REPUBLIKA.CO.ID,LEBAK--Museum anti kolonial pertama di Indonesia, yakni Museum Multatuli di Kota Rangkasbitung, Kabupaten Lebak, Banten menjadi destinasi wisata pendidikan yang makin digemari wisatawan. Hal ini dapat dilihat dari dari data jumlah pengunjung pada tahun lalu yang jauh melampaui target sebelumnya 30 ribu orang, ternyata realisasinya justru sebanyak 71.982 orang.
Kepala Museum Multatuli Ubaidillah Muchtar menuturkan, banyaknya jumlah kunjungan ke museum merupakan hal yang di luar perkiraannya.
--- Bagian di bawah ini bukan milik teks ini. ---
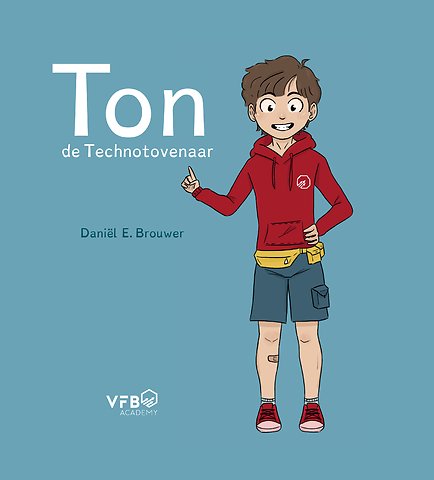 Cover van Ton de Technotovenaar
Ia berharap agar masyarakat semakin paham dengan tujuan pembangunan museum yang ingin menyajikan informasi lengkap terkait sejarah Lebak hingga daerah di Banten secara keseluruhan.
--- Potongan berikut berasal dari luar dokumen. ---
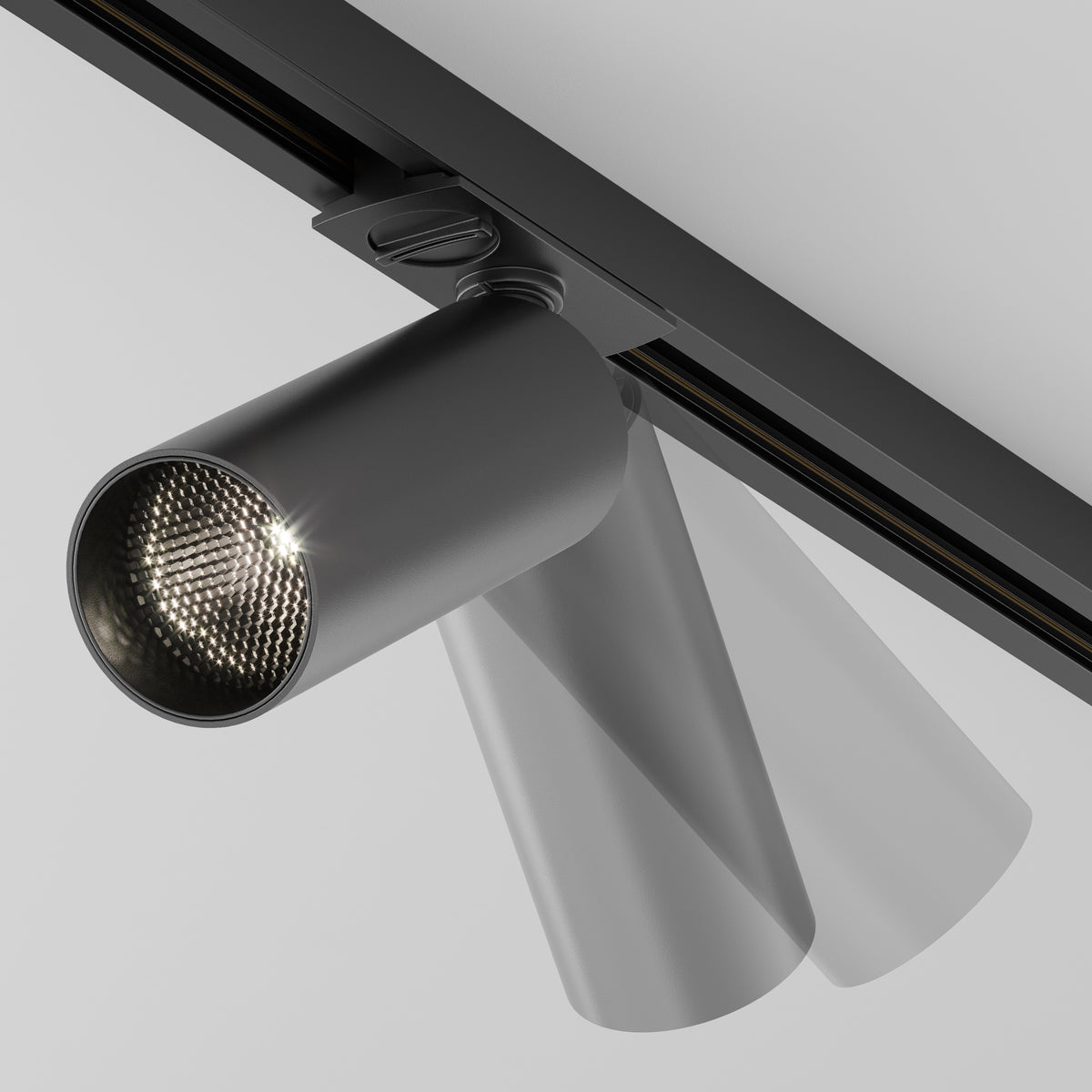 Oświetlenie szynowe Technical Focus LED IP20 x TR021-1-12B4K-W-D-B | Czarny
"Kami optimis museum ini pelan-pelan akan diterima masyarakat dan pro kontra terkait museum yang sebenarnya tidak hendak mengkultuskan Multatuli secara individu akan pelan-pelan hilang. Tujuan museum ini sebenarnya hendak menyajikan sejarah Banten, sejarah Lebak, sejarah Rangkasbitung untuk masyarakat, walaupun tentunya ada sejarah Multatuli yang disajikan," jelas pria yang biasa dipanggil Kang Ubai ini, Senin (10/2).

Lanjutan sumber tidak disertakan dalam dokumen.